Élections au Burundi et au Bénin

Le Burundi a tenu des élections générales le mercredi 20 mai pour sélectionner son président, ses législateurs nationaux et ses représentants locaux, malgré 42 cas confirmés – dont 21 cas actifs – de COVID-19 dans le pays. Au moment de cette publication, les votes étaient toujours en cours de dépouillement; La Commission électorale nationale indépendante du Burundi a déclaré que les résultats ne seront pas disponibles avant lundi. Les premiers résultats suggèrent une course serrée entre le candidat du parti au pouvoir Evariste Ndayishimiye et le candidat du parti d'opposition Agathon Rwasa.

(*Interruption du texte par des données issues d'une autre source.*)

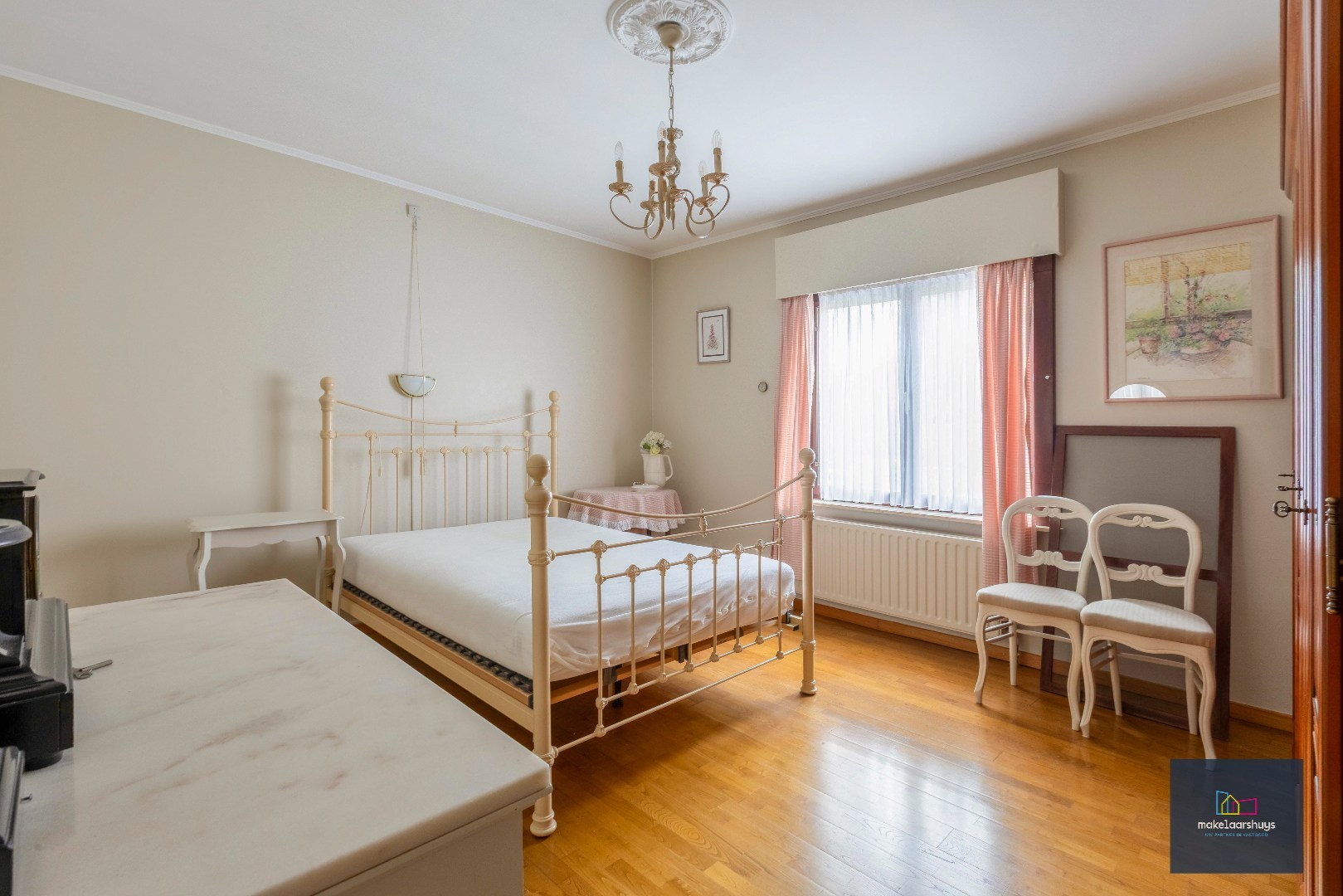 VERKOCHT !!! Goed onderhouden bungalow nabij centrum Mariakerke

L'élection marquera la fin de 15 ans de règne du président Pierre Nkurunziza, qui a annoncé en 2018 qu'il ne se présenterait pas pour un nouveau mandat. La décision de Nkurunziza de briguer un troisième mandat en 2015, qui, selon ses opposants, était inconstitutionnelle, a déclenché des troubles qui ont fait au moins 1 200 morts et le déplacement de 400 000 personnes. Bien qu'aucune violence n'ait eu lieu lors des élections de mercredi, Rwasa a déclaré que plus de 200 des partisans de son parti avaient été arrêtés pendant les élections et a également annoncé qu'il pourrait contester les résultats si une fraude était suspectée.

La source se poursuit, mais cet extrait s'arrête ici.